Now that I swore off the horse-race, let’s take a look at the horse-race
I remember these as being Days of a rough slug for the John Kerry campaign in 2004, and a look back on this blog from four years’ ago reveals some examination of clear structural difficulties that Kerry had — point one: there was no Democratic Party in Ohio in 2004 — Bush was escorted around the state by a slew of statewide elected Republicans; Kerry was escorted by former Astronaut and Senator John Glenn.  The good news for Obama here: In the Great Mid-term shake-up of 2006, Ohio was one of the definite epicenters. This cannot be discounted, and the difference between a “ground game” of out-of-state liberal interest groups versus a “ground game” of neighbors also cannot be under-estimated.

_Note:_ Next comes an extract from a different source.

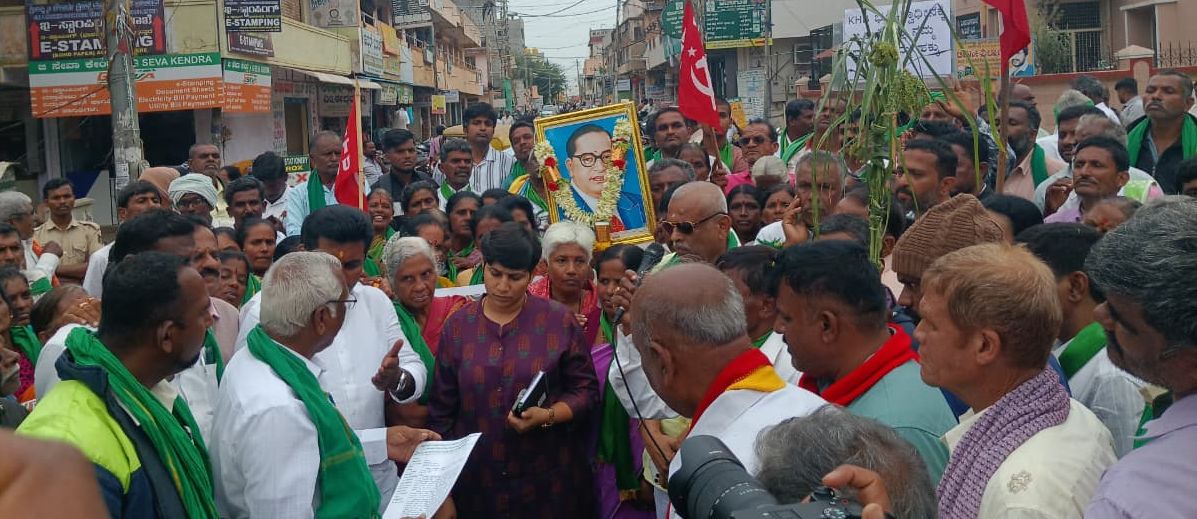 ದೊಡ್ಡಬಳ್ಳಾಪುರ ತಾಲ್ಲೂಕಿನಲ್ಲಿ ಭೂಸ್ವಾಧಿನ ರದ್ದುಪಡಿಸುವಂತೆ ಭೂಸ್ವಾಧೀನ ವಿರೋಧಿ ಹೋರಾಟ ಸಮಿತಿ ವತಿಯಿಂದ ತಹಶೀಲ್ದಾರ್‌ ವಿಭಾವಿದ್ಯಾರಾಥೋಡ್‌ ಅವರ ಮೂಲಕ ರಾಜ್ಯ ಸರ್ಕಾರಕ್ಕೆ ಮನವಿ ಸಲ್ಲಿಸಲಾಯಿತು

So we Take note of this day in 2004 — Kerry: 238; Bush: 291. Now, compare it with this, the ebb of the Obama campaign: Obama: 268; McCain: 270 (270 is the magic number). (HERE). I do not entirely like the method of this thing — the most recent poll number is always used for a state, no matter its clear and obvious “outlier” status, no matter it be a poll released by one of the parties of a “fly by night variety”. (DFM research had a poll which showed Obama winning North Dakota’s 3 votes, somewhat improbably. Rasmussen came in with one that showed McCain easily winning them. Rasmussen is well known; I don’t know what DFM is.) Also, statistically insignificant margin of error poll results from different polls result in quasi-drastically different results: look back a few days and you will see: Obama: 281, McCain: 230, Ties: 27. But, nonetheless, as I recall from watching the graph in 2004, it does provide a general sense of what is going on in the horse-race.
And we are down to much the same group of states that we were down to in 2000 and 2004, with the addition of Indiana. And… that’s about it.